Gösterilerimde anlattığım farklı birçok konu var. O çatışmalı süreçte yaşanılan şeyler çok acı şeyler... Ben bunları anlatırsam tabu gibi durur ya da trajediye dönüşebilir. Belki ilerde birtakım şeyleri anlatırım.
'KOMİK ADAM DEĞİLİM'
Kendinizi nasıl tanımlıyorsunuz?
Komedyenim. Ama komik adam değilim. Çünkü komik adamları gördüğünüz zaman ses tonuna, mimiğine gülebiliyoruz. İşte bu komik adam. Ben sadece var olan çelişkilerimizi, yanlışlarımızı, trajedilerimizi komikleştirip sahnede sanatla harmanlıyorum. İşte bu da komedyen oluyor.

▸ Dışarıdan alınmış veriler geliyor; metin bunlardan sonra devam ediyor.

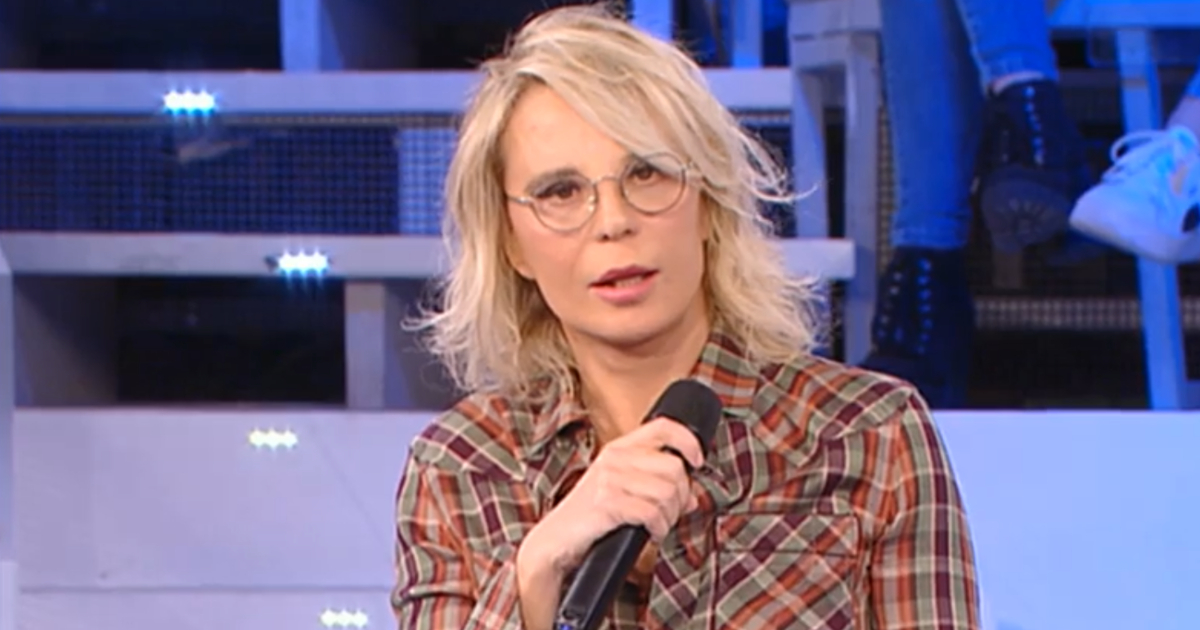 Amici non andrà in onda domenica: il programma è stato sospeso temporaneamente. Cosa è successo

'KÜRT MİZAHI İHMAL EDİLMİŞ BİR ALAN'
Peki yaptığınız mizah Kürtlere neyi anlatıyor?
Kürt mizahının ne kadar güçlü olduğunu anlatmak istiyorum. Bugüne kadar Kürt mizahı ihmal edilmiş bir alan. Mizahla bunun ne kadar güçlü olduğunu ve bundan sonra mizaha yönelmenin ne kadar güzel olduğuna değinmek istiyorum. Son dönemde komedi oyunları, komedi pek yok. Belki bu birilerine cesaret olur. Başkaları da stand-up yapar. Neden bu alan boş olsun ki?
'DOYA DOYA KAHKAHA ATALIM'
Bundan sonraki süreçte izleyicilerinizi neler bekliyor?
Birçok şehirden bize geri dönüşler oluyor. 'Bizim şehrimize de gelir misiniz?' gibi birçok mesaj alıyoruz. Biz de buradan sesleniyoruz: Bu bizim elimizde olan bir şey değil. Onlar orada organize etsin. Çok büyük şeyler istemiyoruz. Büyük salonlar, gösterişli mekanlar istemiyoruz. Kafelere de gideriz, birkaç saat de olsa güleriz. Anlık da olsa o yaşanılan kötü şeyleri unutalım. Kahkaha atalım. Gülebilen insan özgür insandır ve herkes özgürlüğüne sahip çıksın. Doya doya kahkaha atalım!